The two sample Kolmogorov-Smirnov test somewhat brings us closer to that dialect. Macroeconomics has used it specially to evaluate structural changes. The tactic is as follows: 1) there is an apparently distortive event, and we want to evaluate its effects on a particular time series; 2) we divide the series in two parts (before and after the event); and 3) the K-S test evaluates the hypothesis that both parts belong to the same distribution.

But we must be honest. For example, saying that the entry and exit of the world pandemic crisis of our decade had deflationary and inflationary effects, respectively, is a truism. However, this statistical test has much greater capabilities. In fact, in natural sciences, its traditional use is precisely within the laboratory: to compare treatments and controls.

With that inspiration, in this paper we show how useful the two-sample K-S tests can be for evaluating natural experiments. Specifically, we will put under scrutiny the theory that Latin American inflation since the recovery from the COVID-19 global crisis has been imported from the monetary policy of the Federal Reserve of the United States (see section 3.3).

We also present what, at least to the author’s knowledge, constitutes a methodological innovation: the use of K-S tests to diagnose asymmetric effects. In that spirit, we will evaluate whether the establishment of pandemic restrictions caused deflation to a lesser extent than the inflation caused by their lifting — again, focusing on the Latin American experience.

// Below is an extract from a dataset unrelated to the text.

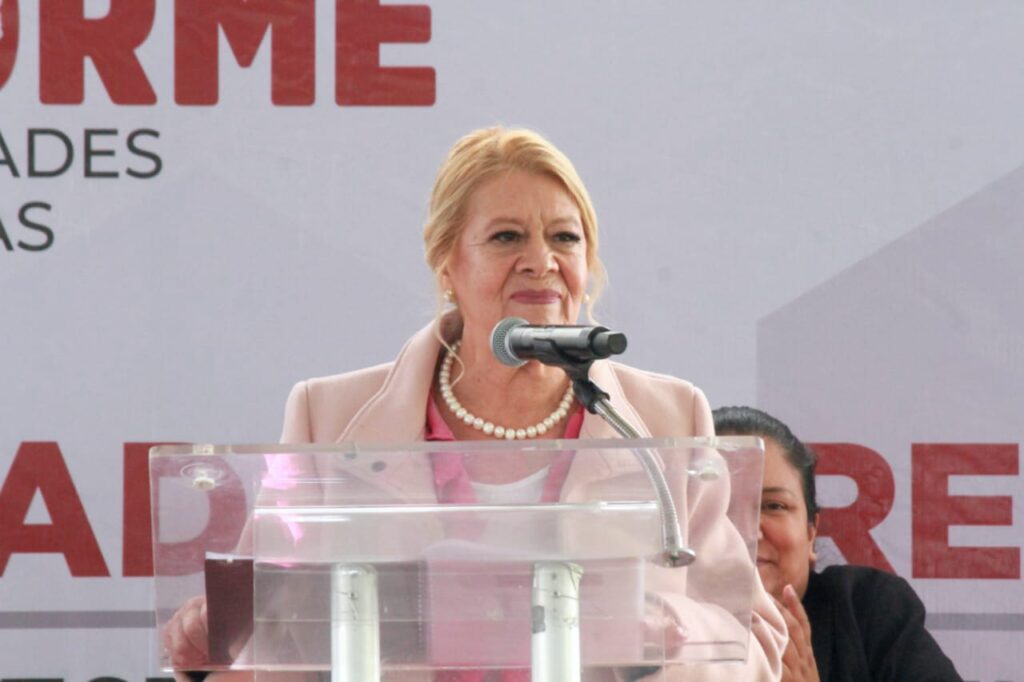Alicia Mercado reiteró compromiso con las personas discapacitadas del Edomex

Now, before moving on with the rest of the paper, we must issue a warning: our preference for the Kolmogorov-Smirnov test is solely due to its popularity. All the virtues of this tool for the present work are shared by any non-parametric test that attacks the so-called «two-sample problem»; and there is no doubt that, in the catalog of such tests, there may be better ones than the Kolmogorov-Smirnov test depending on the circumstances.

The paper is organized as follows: in section 2 we review the works that precede ours in methodological (double-sample K-S tests applied in economics) and thematic (inflation since 2020) terms; in section 3 we detail our databases and empirical strategy; section 4 presents and interprets our results; and in section 5 we make a brief synthesis as a conclusion.

2. LITERATURE REVIEW

In the methodological department, our most abundant precedents are those that take advantage of the traditional way macroeconomics use K-S tests: to check if an event establishes a before and after in a series. There are works such as Reinhart and Reinhart (2010), where long-term trend changes in real GDP, unemployment, inflation, credit, and real estate prices are studied for 60 countries before and after international shocks following World War II. In another example, Mian, Sufi, and Trebbi (2014) use K-S tests in 70 countries to verify the increase in legislative party fragmentation that occurs after a financial crisis —as a reason why debt relief reforms that could alleviate downturns are not approved. Ngure and Waititu (2021) also develop the test in a reverse procedure: a statistic that indicates the disruption date for the exchange rate series between the US dollar and the Kenyan shilling.

However, as we anticipated in the introduction, the home of K-S tests outside of the social sciences is the laboratory. Therefore, it should not surprise us that experimental economics has taken advantage of its benefits: Holt and Laury (2005) evaluate whether participating in a low-stakes payment decision before participating in a high-stakes payment decision disrupts risk aversion. In general, Goerg and Kaiser (2009) can be consulted for a record of non-parametric tests that address «the two-sample problem» applied in experimental economics.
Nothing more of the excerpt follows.